§ **YOUR INSTRUCTIONS**: Please give the lines below again exactly as they stand, from the one that contains "What I need" up to and including the one that contains "So you can translate", leaving all pictures out.

§ **SUPPLIED INFORMATION**:
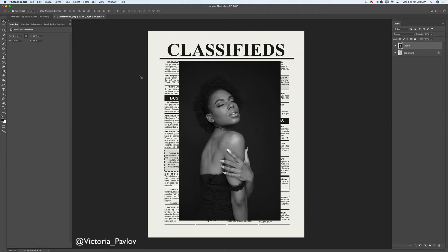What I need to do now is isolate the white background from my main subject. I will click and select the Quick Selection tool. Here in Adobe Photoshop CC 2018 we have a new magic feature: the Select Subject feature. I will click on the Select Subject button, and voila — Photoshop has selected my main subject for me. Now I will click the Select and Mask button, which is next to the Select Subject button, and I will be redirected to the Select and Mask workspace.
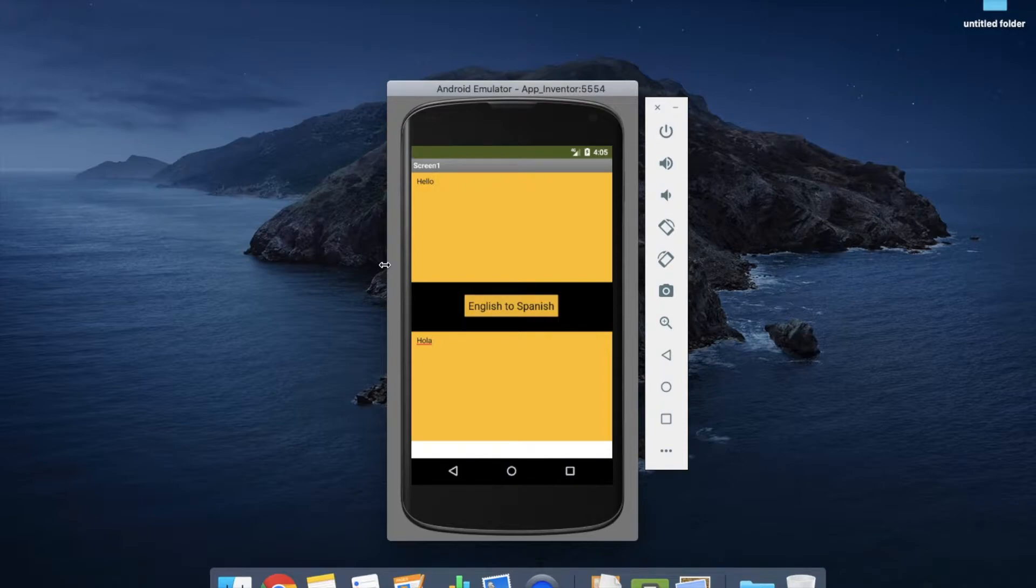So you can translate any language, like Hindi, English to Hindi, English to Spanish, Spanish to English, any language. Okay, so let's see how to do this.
--
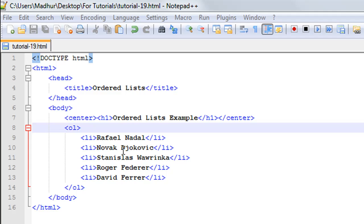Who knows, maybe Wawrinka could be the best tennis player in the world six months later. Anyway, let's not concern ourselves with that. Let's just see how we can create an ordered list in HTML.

§ **RESPONSE**:
What I need to do now is isolate the white background from my main subject. I will click and select the Quick Selection tool. Here in Adobe Photoshop CC 2018 we have a new magic feature: the Select Subject feature. I will click on the Select Subject button, and voila — Photoshop has selected my main subject for me. Now I will click the Select and Mask button, which is next to the Select Subject button, and I will be redirected to the Select and Mask workspace.
So you can translate any language, like Hindi, English to Hindi, English to Spanish, Spanish to English, any language. Okay, so let's see how to do this.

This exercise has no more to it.